::: EXERCISE MATERIAL
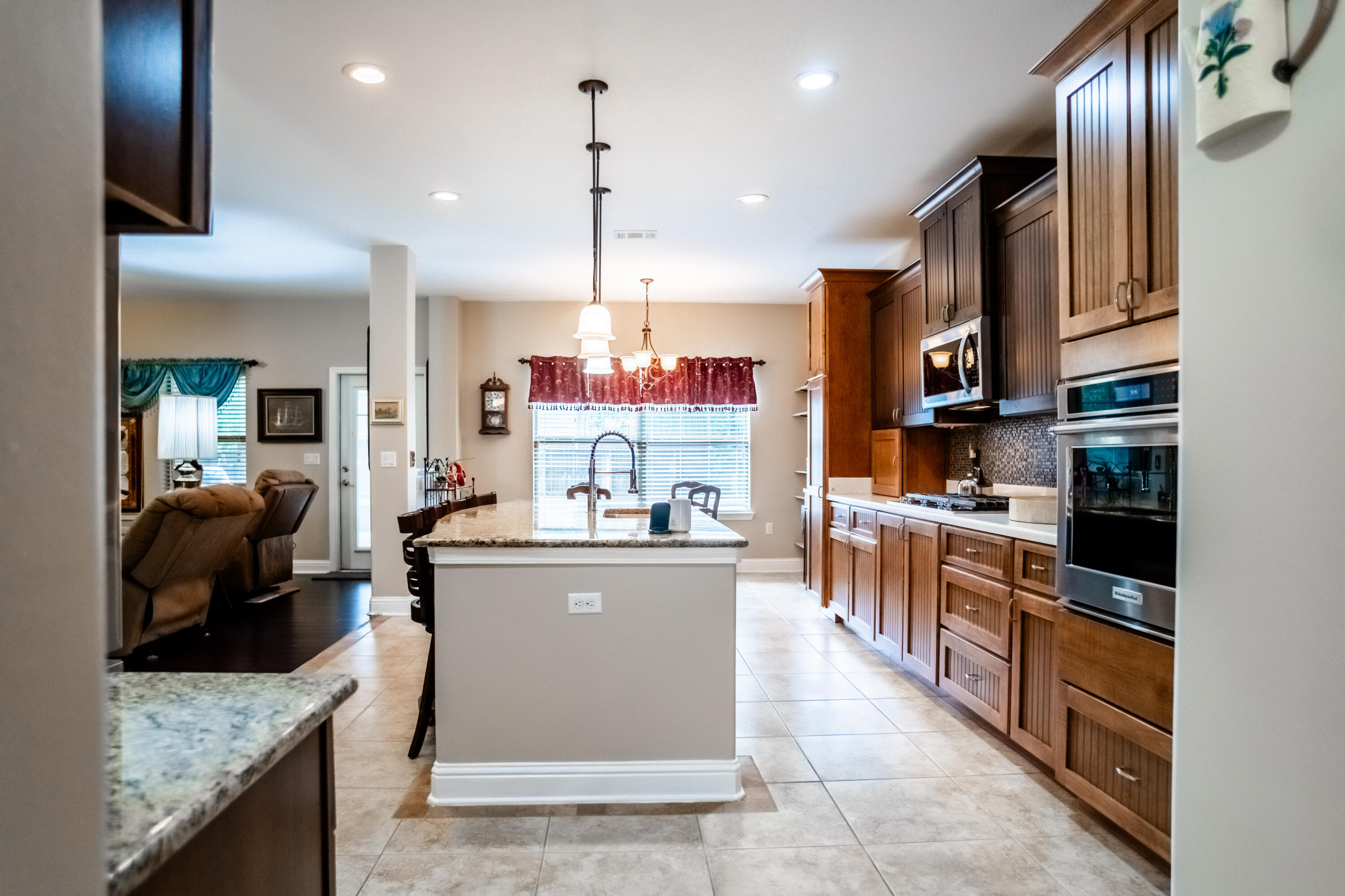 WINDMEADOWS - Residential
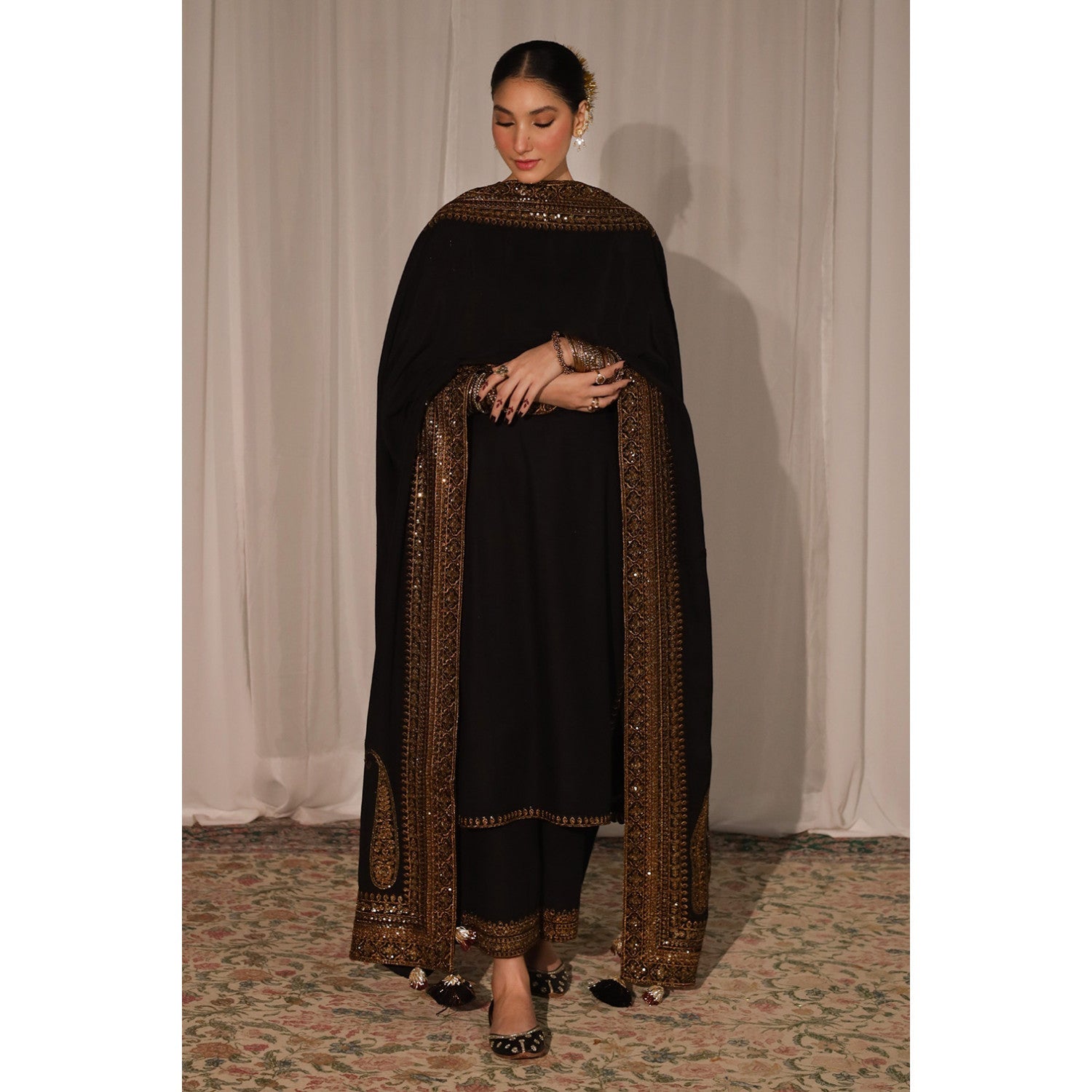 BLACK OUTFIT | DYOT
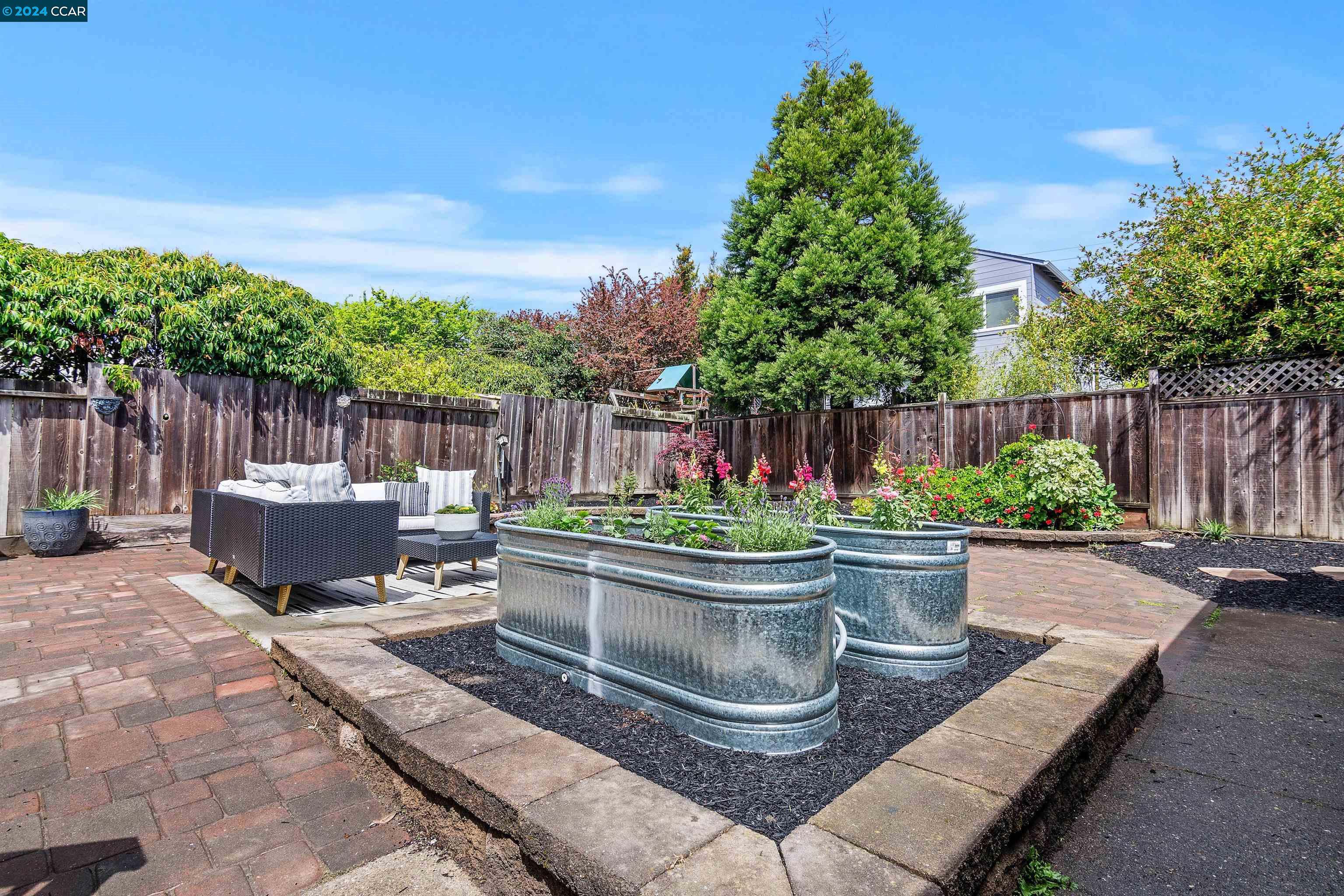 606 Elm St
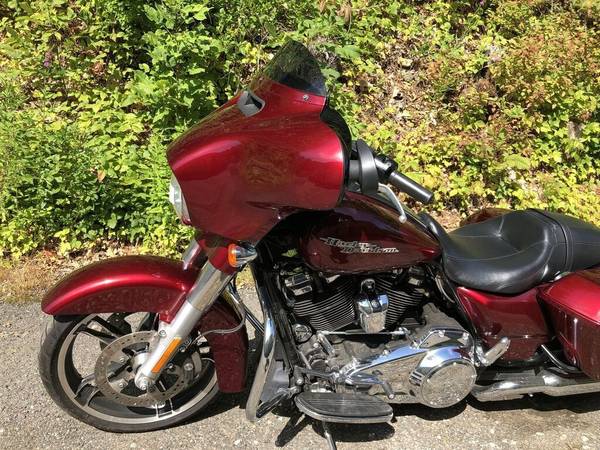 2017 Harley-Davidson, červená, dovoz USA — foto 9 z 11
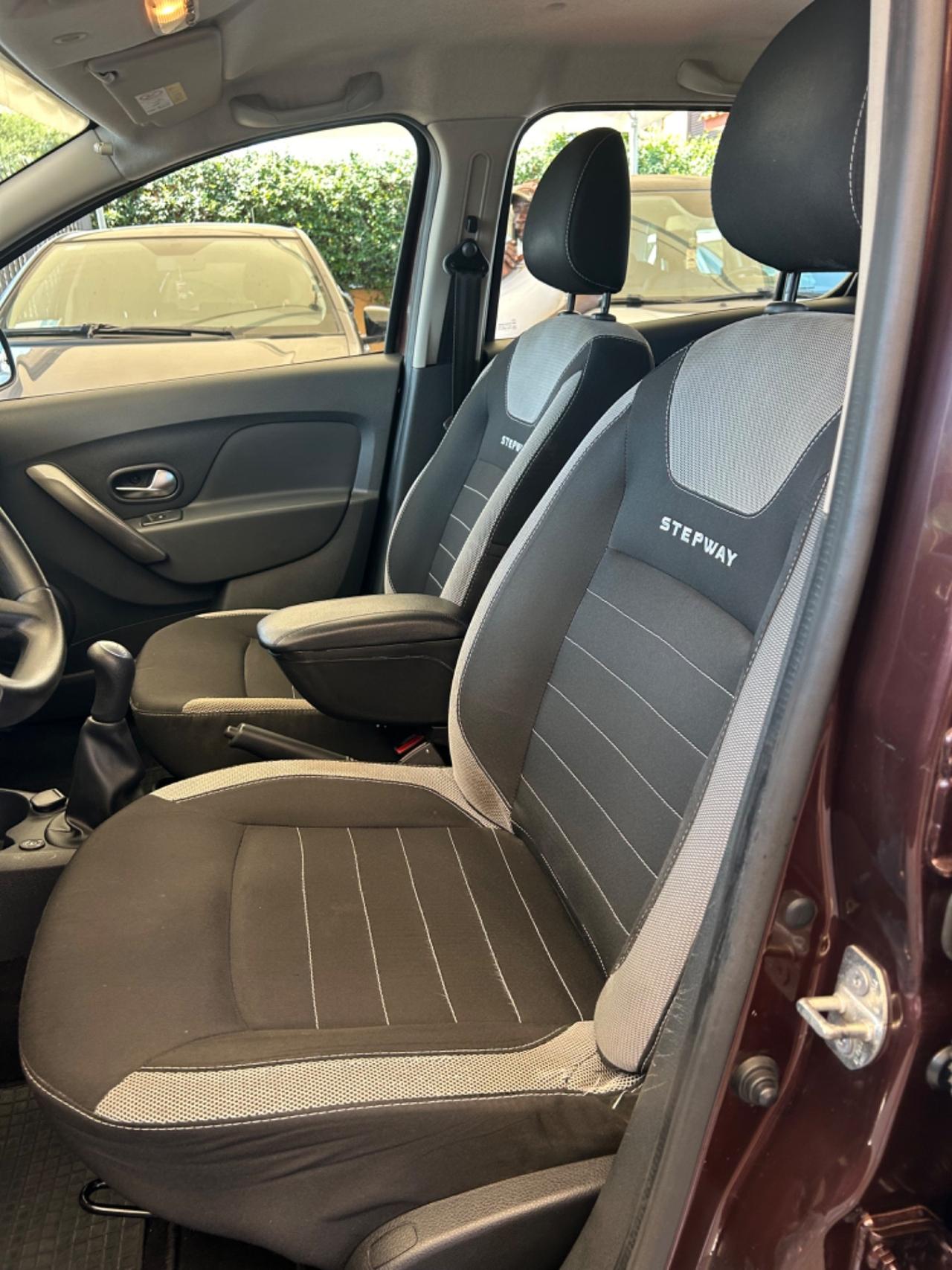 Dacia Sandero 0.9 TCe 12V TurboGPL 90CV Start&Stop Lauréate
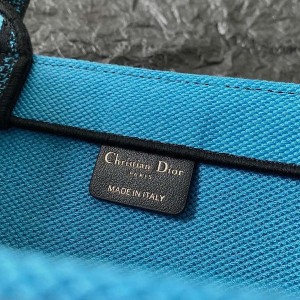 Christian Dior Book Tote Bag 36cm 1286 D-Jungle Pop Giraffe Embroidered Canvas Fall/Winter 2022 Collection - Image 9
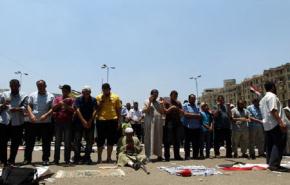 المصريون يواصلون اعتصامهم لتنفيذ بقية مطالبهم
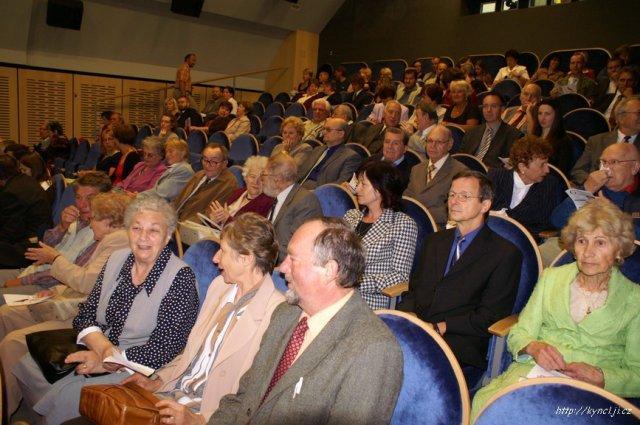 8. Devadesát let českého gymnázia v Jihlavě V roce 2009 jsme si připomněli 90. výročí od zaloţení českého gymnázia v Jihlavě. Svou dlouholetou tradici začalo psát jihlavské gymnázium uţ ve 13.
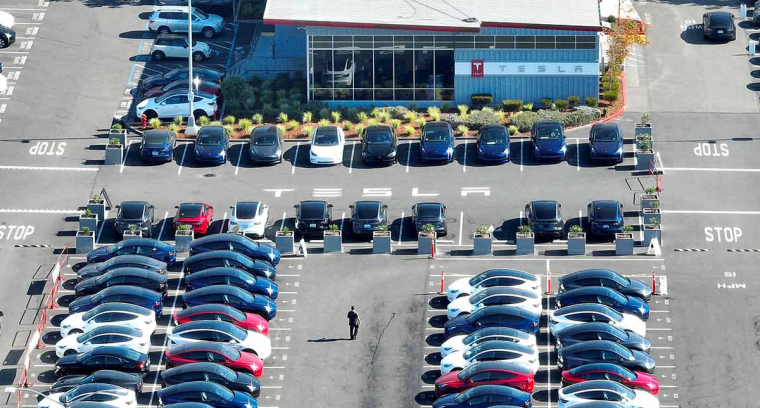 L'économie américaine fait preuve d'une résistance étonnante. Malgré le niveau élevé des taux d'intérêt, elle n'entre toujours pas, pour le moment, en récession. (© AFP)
::::::
→ WHAT NEEDS TO BE DONE
Copy exactly, with no pictures, the lines from the line containing "2017 Harley-Davidson, červená, dovoz" through the last line of the records above.

→ OUTPUT FOR THIS TASK
 2017 Harley-Davidson, červená, dovoz USA — foto 9 z 11
 Dacia Sandero 0.9 TCe 12V TurboGPL 90CV Start&Stop Lauréate
 Christian Dior Book Tote Bag 36cm 1286 D-Jungle Pop Giraffe Embroidered Canvas Fall/Winter 2022 Collection - Image 9
 المصريون يواصلون اعتصامهم لتنفيذ بقية مطالبهم
 8. Devadesát let českého gymnázia v Jihlavě V roce 2009 jsme si připomněli 90. výročí od zaloţení českého gymnázia v Jihlavě. Svou dlouholetou tradici začalo psát jihlavské gymnázium uţ ve 13.
 L'économie américaine fait preuve d'une résistance étonnante. Malgré le niveau élevé des taux d'intérêt, elle n'entre toujours pas, pour le moment, en récession. (© AFP)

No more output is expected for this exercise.